How To Rotocast Resin for Lightweight Displays


Jacob Johnston of Little Rock, AR, was contracted to supply 250 bust replicas of President Bill Clinton for the opening of the Clinton Presidential Library in Little Rock, AR in November 2004. The castings had to be lightweight and be able to be handled and dropped without breaking and Mr. Johnston was convinced that rotational casting these pieces was the way to go. His original prototypes were rotationally cast by hand in plaster, and even though hollow, the customer rejected plaster as being too heavy and fragile. But hand rotationally casting plaster for production of 250 pieces would also take a long time and this project most definitely had a deadline. There had to be a better way.

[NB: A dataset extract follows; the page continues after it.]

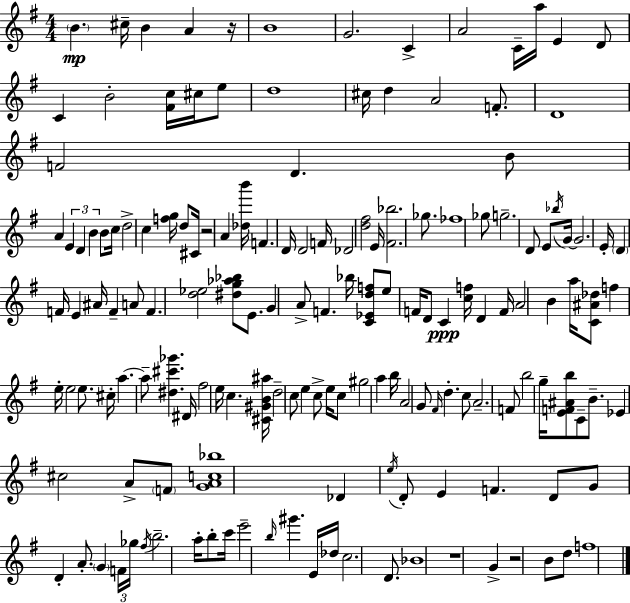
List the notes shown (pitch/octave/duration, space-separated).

After contacting the Smooth-On technical help line, he narrowed his options down to two materials: Task® 15 and Smooth-Cast® 65D. Not needing the high performance properties (and cost) of TASK® 15, he decided to try Smooth-Cast® 65D. Mr. Johnston rented a rotational casting machine for producing the castings. What remained was creating the final sculpture and mold. 

The original model was sculpted in clay and Brush-On® 40 mold rubber was used to make the rubber mold. Plasti-Paste® support shell material was used to make the mother mold with 2 x 4 pieces of wood being imbedded to make level supports.

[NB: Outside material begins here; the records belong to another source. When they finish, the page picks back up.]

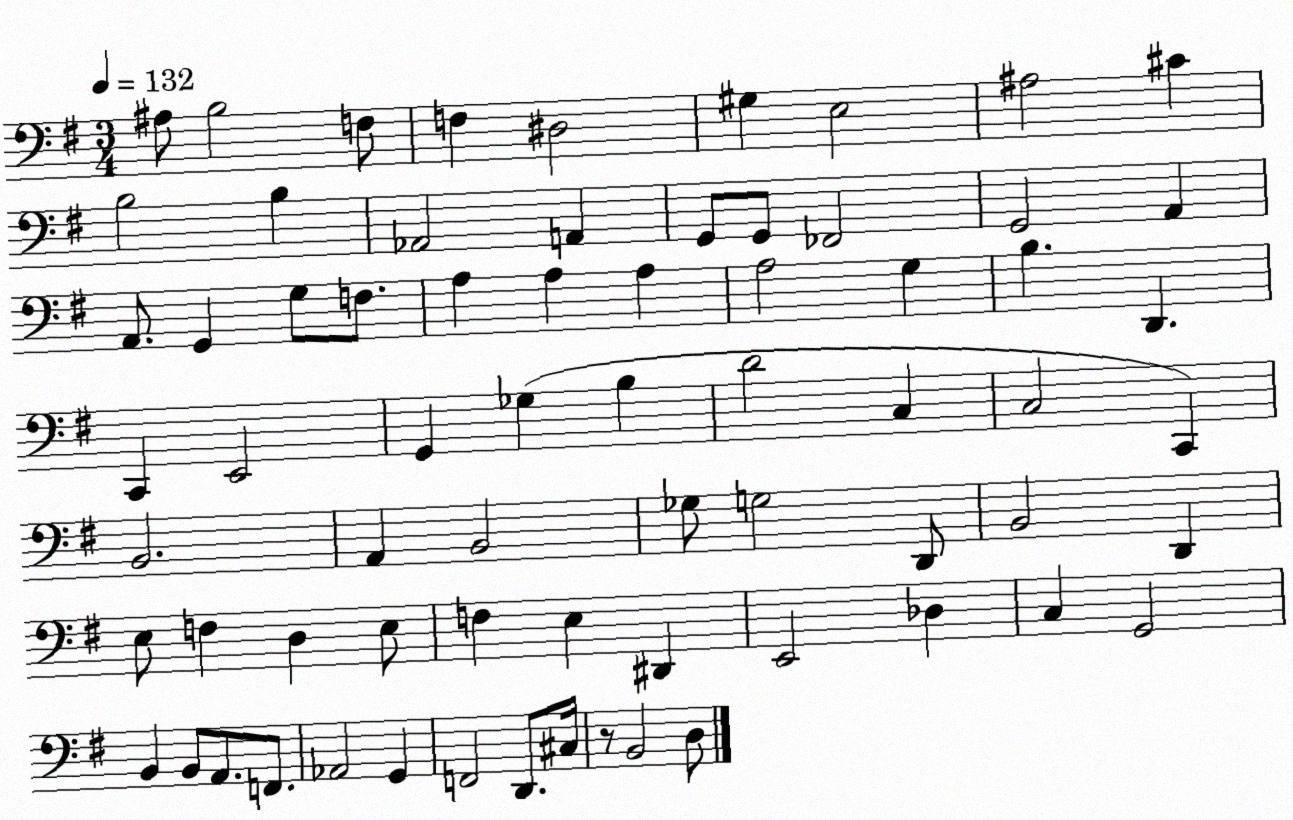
X:1
T:Untitled
M:3/4
L:1/4
K:G
^A,/2 B,2 F,/2 F, ^D,2 ^G, E,2 ^A,2 ^C B,2 B, _A,,2 A,, G,,/2 G,,/2 _F,,2 G,,2 A,, A,,/2 G,, G,/2 F,/2 A, A, A, A,2 G, B, D,, C,, E,,2 G,, _G, B, D2 C, C,2 C,, B,,2 A,, B,,2 _G,/2 G,2 D,,/2 B,,2 D,, E,/2 F, D, E,/2 F, E, ^D,, E,,2 _D, C, G,,2 B,, B,,/2 A,,/2 F,,/2 _A,,2 G,, F,,2 D,,/2 ^C,/4 z/2 B,,2 D,/2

With the rotational casting machine set up and ready to go, Mr. Johnston determined the optimal amount of Smooth-Cast® 65D resin to be used in the mold to generate a uniform hollow casting surface.

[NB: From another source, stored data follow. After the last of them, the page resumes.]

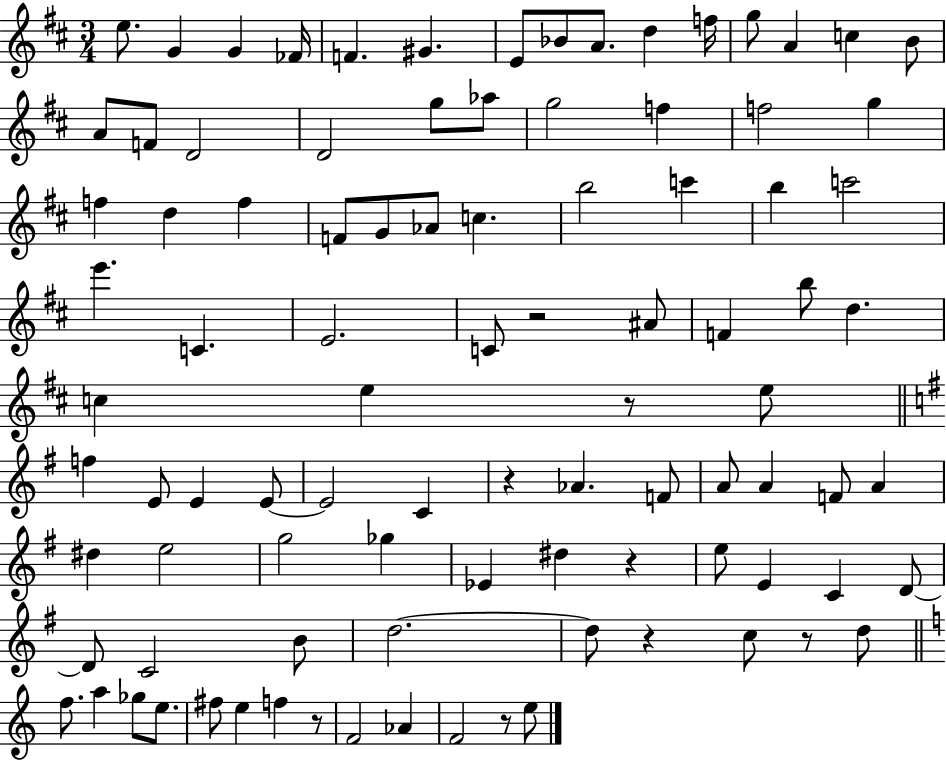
{
  \clef treble
  \numericTimeSignature
  \time 3/4
  \key d \major
  \repeat volta 2 { e''8. g'4 g'4 fes'16 | f'4. gis'4. | e'8 bes'8 a'8. d''4 f''16 | g''8 a'4 c''4 b'8 | \break a'8 f'8 d'2 | d'2 g''8 aes''8 | g''2 f''4 | f''2 g''4 | \break f''4 d''4 f''4 | f'8 g'8 aes'8 c''4. | b''2 c'''4 | b''4 c'''2 | \break e'''4. c'4. | e'2. | c'8 r2 ais'8 | f'4 b''8 d''4. | \break c''4 e''4 r8 e''8 | \bar "||" \break \key g \major f''4 e'8 e'4 e'8~~ | e'2 c'4 | r4 aes'4. f'8 | a'8 a'4 f'8 a'4 | \break dis''4 e''2 | g''2 ges''4 | ees'4 dis''4 r4 | e''8 e'4 c'4 d'8~~ | \break d'8 c'2 b'8 | d''2.~~ | d''8 r4 c''8 r8 d''8 | \bar "||" \break \key c \major f''8. a''4 ges''8 e''8. | fis''8 e''4 f''4 r8 | f'2 aes'4 | f'2 r8 e''8 | \break } \bar "|."
}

Smooth-Cast® 65D performed flawlessly, yielding hollow castings that looked as though they were cast solid but weighed just under 2 lbs. (0.9 kgs) each. All 250 castings were then back filled with Foam-iT® 5 rigid foam to provide lightweight support and additional impact resistance. Each pieces was then painted and delivered in time for the opening of the library.

Mr. Johnston calculates that he saved thousands of dollars in material and labor costs by rotationally casting these pieces.